India did have a limited batting approach in the shortest format and that needed to change.
“What should take priority is if we get better as a team,” Rohit said. “We felt there needed to be a change in attitude. At the same time, we must remember that when you try to do new things, there will be some failures. That doesn’t mean you have to take a step back.”
There is absolutely no disagreement here, but rather synergy.
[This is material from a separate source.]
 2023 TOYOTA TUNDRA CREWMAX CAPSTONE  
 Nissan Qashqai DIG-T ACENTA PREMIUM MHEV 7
After the century against Afghanistan in September, the two senior players in the team sat down for a rare chat with bcci.tv in which Kohli said, “I got a lot of clarity from you and the team management to just allow me to bat. It was very important. The space I got made me feel very relaxed. The World Cup is big and if I play well, I can contribute a lot to the team. I spoke to Rahul bhai (Dravid) about how I strike rate in the middle overs can improve.”
Since that Afghanistan knock, in which he scored his last 72 runs from just 29 balls, Kohli’s knocks have been about top gear the old-fashioned way.
“I banked on good cricket shots,” he explained. “Six shots are not a big strength of mine. I can (hit) them when the situation calls for it, but I’m better at finding gaps and finding boundaries.”
This realization seems to have not only freed Kohli, but in early summer Australian conditions at the World Cup, in which batsmen have struggled in the Powerplay, it has shown India the way forward: look to attack, but if necessary , develop your own approach. Do not be reckless in difficult circumstances.
Against the Netherlands in Sydney, as Rohit Sharma tried to get out of trouble and later said he wasn’t too happy with his half-century, Kohli simply bided his time: his first 25 came off 24 balls, the next 37 of 20.
Against Pakistan, his first 25 was at less than a run a ball at the bouncy, fast MCG (28 balls), but his next 57 came from 25. The 63 against Australia in Hyderabad and a 49* against South Africa in Guwahati have a similar approach: bide your time, work the ball around, get your eye in and then back your strengths and explode. The tried and tested Kohli way to an impactful innings in any white-ball format.
Pacer Bhuvneshwar Kumar admitted as much when talking about the conditions in this World Cup.
“We may feel as a bowling unit we conceded 15 to 20 more, but that has been a pattern of all teams in this World Cup. If you watch most games, teams don’t score much in the first 10, but once the ball gets a bit older, steady batsmen start scoring runs.”
One important reason why India’s top order could take its time here is the ability of no. 4 Suryakumar Yadav to raise the tempo effortlessly. This separation of roles allowed everyone to play to their strengths.
“Everyone has different plans when they go to bat,” said ‘SKY’ after the match against the Netherlands. “It is equally important what their (own) game plan is. So they (the top order) do the same thing and try to get their eye in. I love the way they bat.”